Summary of Content: A manuscript extract from a May 6, 1857 dispatch from British consul at Havana, Joseph T. Crawford, to Lord Clarendon, giving names and tonnage of five American vessels sent to Havana, presumably for the slave trade. The ships are the schooner "Abbot Devereaux," brig "R.B. Lawton," schooner "J.H. Record," barque "Clara B. Williams" and barque "Minetonka." This is followed by a one paragraph update, written in the same hand as the extract, and signed "G.G.," noting the August 1, 1857 capture of the "Abbot Devereaux," with 266 slaves on board, by the HMS "Frazer" and the September 2, 1857 capture of the "Restauracion" by the HMS "Alecto." The excerpt from Crawford's dispatch reads, in part: "Besides the great number of Vessels which it is known have been bought in the Ports of the United States to be employed in Slave Trading, the following American Vessels have been purchased and have come here to be sent to the coast of Africa...The first mentioned cleared for Monrovia [Liberia] - The last mentioned for 'Madagascar,' the others for Boston; All these vessels sail under the flag of the United States until they have got their cargo of slaves on board and most likely even after that they will use American colors, if fallen in with by any of Her Majesty's Cruizers, altho' they have no Papers of nationality whatever on board.

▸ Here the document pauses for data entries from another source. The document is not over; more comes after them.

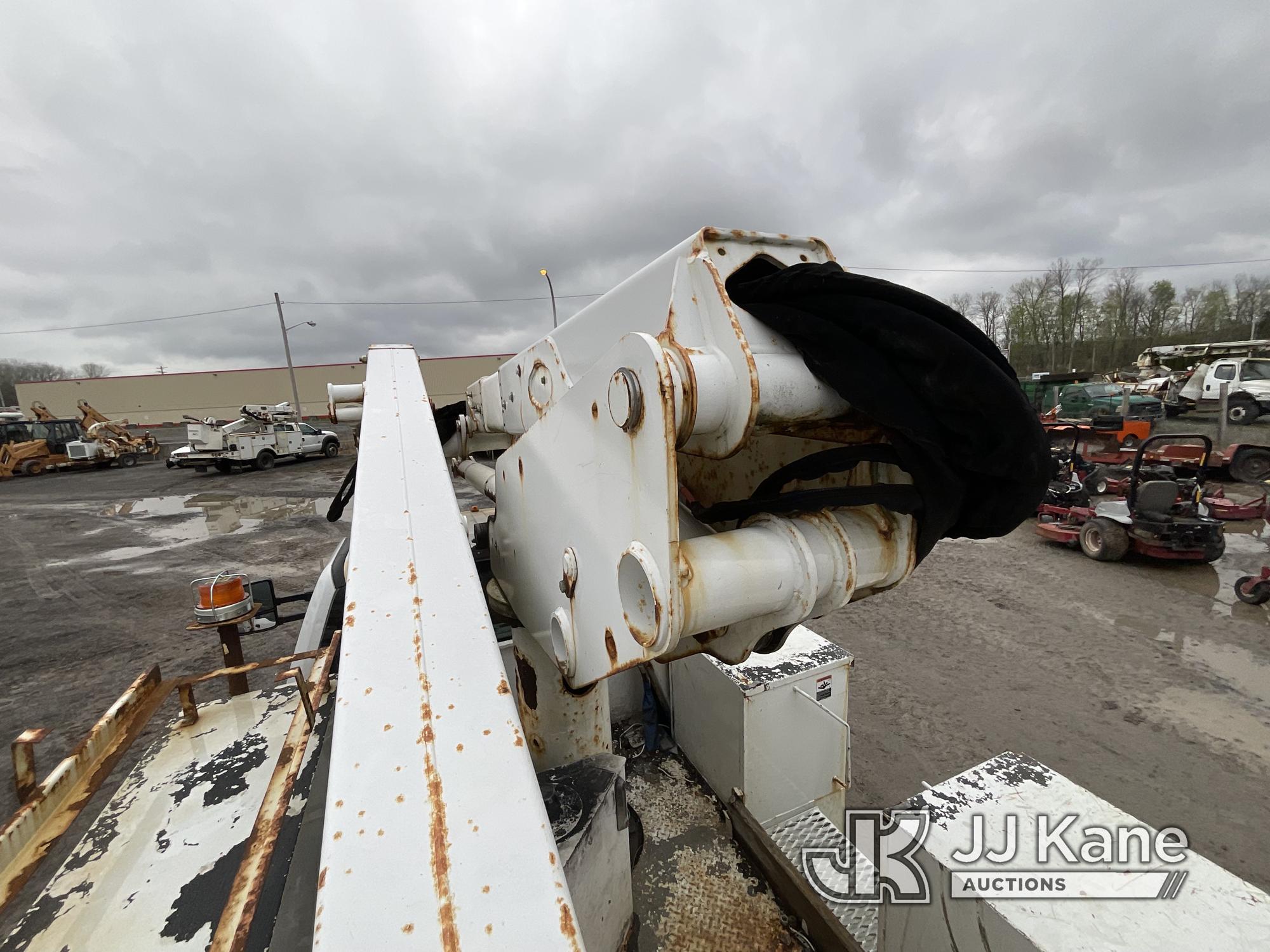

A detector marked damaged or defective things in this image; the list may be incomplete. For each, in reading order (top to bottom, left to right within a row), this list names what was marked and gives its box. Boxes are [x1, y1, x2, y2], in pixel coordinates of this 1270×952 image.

peeling black paint [169, 736, 271, 807]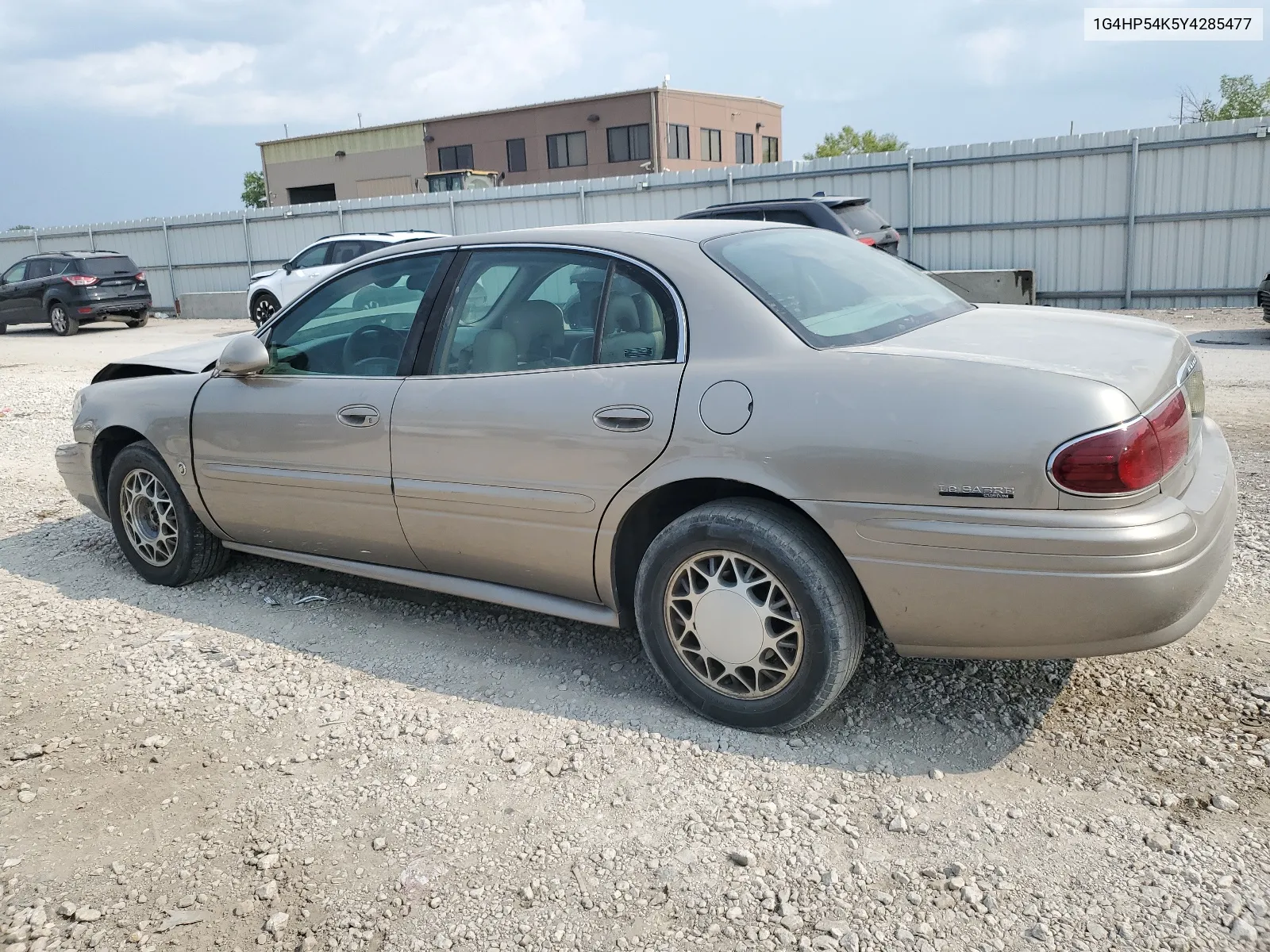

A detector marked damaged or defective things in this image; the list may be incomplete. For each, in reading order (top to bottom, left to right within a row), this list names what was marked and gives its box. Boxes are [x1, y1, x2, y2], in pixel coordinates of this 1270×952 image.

crumpled hood [90, 337, 238, 386]
crumpled hood [864, 303, 1188, 411]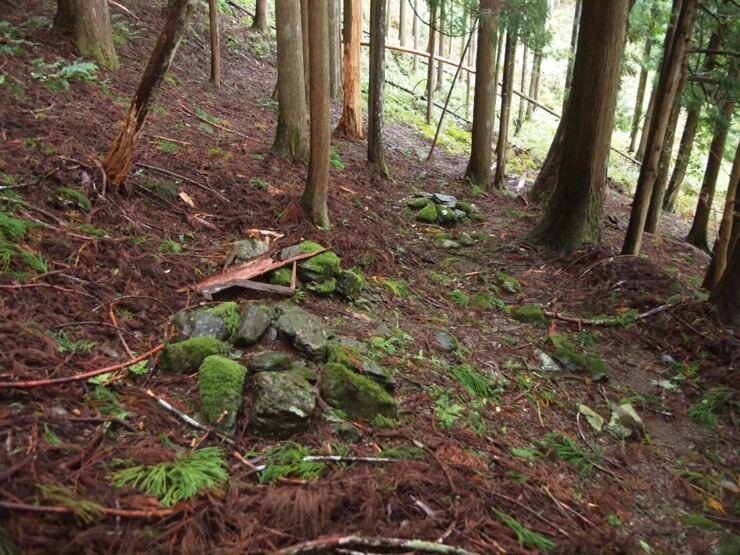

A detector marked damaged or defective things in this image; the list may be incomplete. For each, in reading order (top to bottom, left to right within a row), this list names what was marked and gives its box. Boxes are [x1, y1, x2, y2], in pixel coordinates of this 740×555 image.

broken wooden board [178, 249, 326, 298]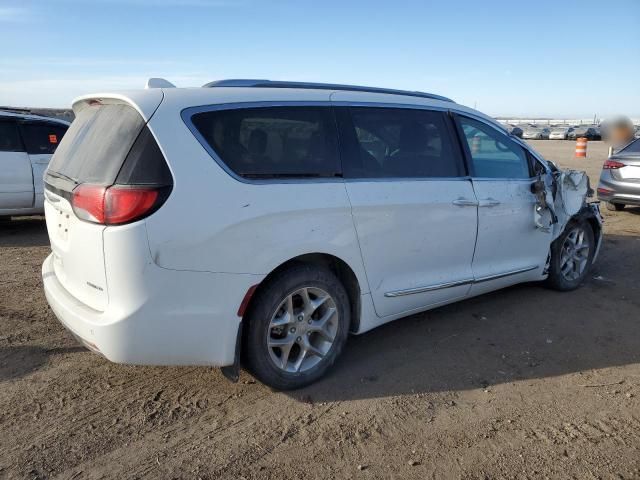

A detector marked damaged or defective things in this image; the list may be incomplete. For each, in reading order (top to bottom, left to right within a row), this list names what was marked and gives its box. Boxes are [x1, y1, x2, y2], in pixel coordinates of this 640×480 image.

front-end collision damage [532, 168, 604, 262]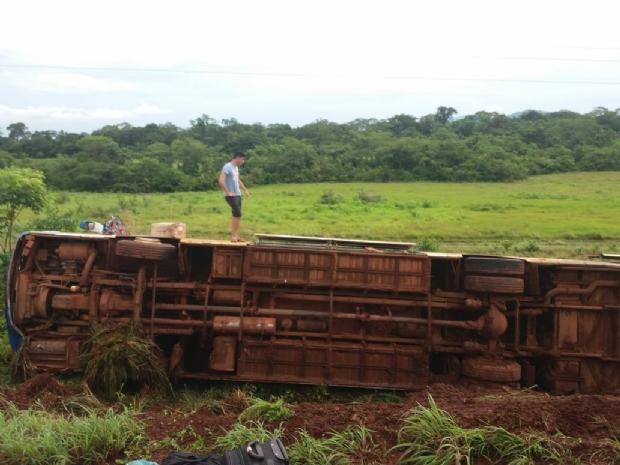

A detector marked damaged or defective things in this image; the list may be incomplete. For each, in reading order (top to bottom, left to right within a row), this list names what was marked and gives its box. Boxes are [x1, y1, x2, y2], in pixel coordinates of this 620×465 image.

overturned bus [4, 231, 620, 392]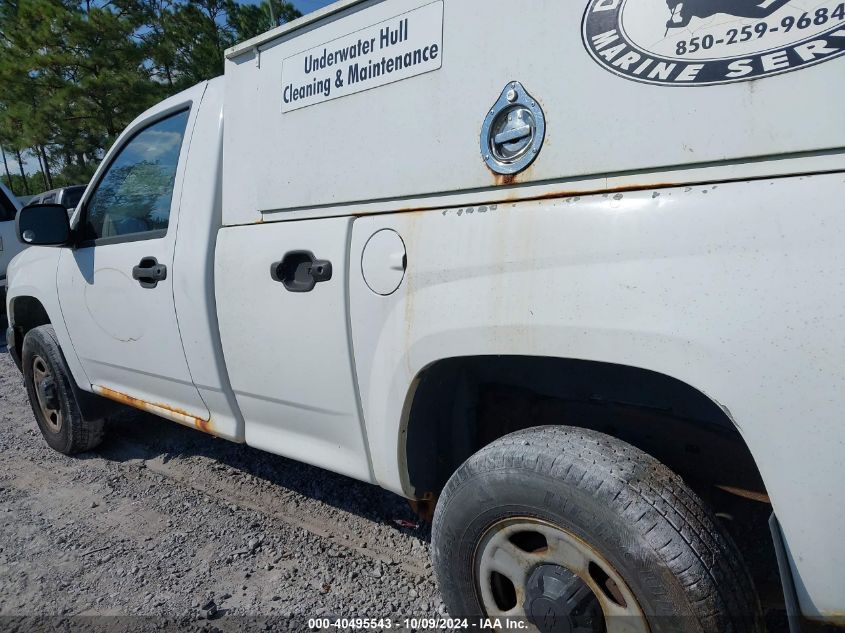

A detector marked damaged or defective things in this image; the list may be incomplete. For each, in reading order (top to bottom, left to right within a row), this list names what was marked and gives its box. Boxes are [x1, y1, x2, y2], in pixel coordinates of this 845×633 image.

The Spanish Brig 'Venus' which cleared out in ballast from this Port for Buenos Ayres, is also said to have proceeded to the Coast of Africa for a Cargo of Slaves, as well as the Ship 'Restauracian' from Matanzas." George William Frederick Villiers, Earl of Clarendon was the British Secretary of State for Foreign Affairs. Parts of Crawford's correspondence with him regarding the use of Havana by American-registered ships to further the illegal slave trade were ultimately sent to President James Buchanan, who shared them with Congress. That correspondence reveals the friction between the two nations: British officicals complained that the Americans were not doing enough to police their own ships; the Americans claimed the British were harassing legitimate vessels.

Background Information: George William Frederick Villiers, Earl of Clarendon was the British Secretary of State for Foreign Affairs.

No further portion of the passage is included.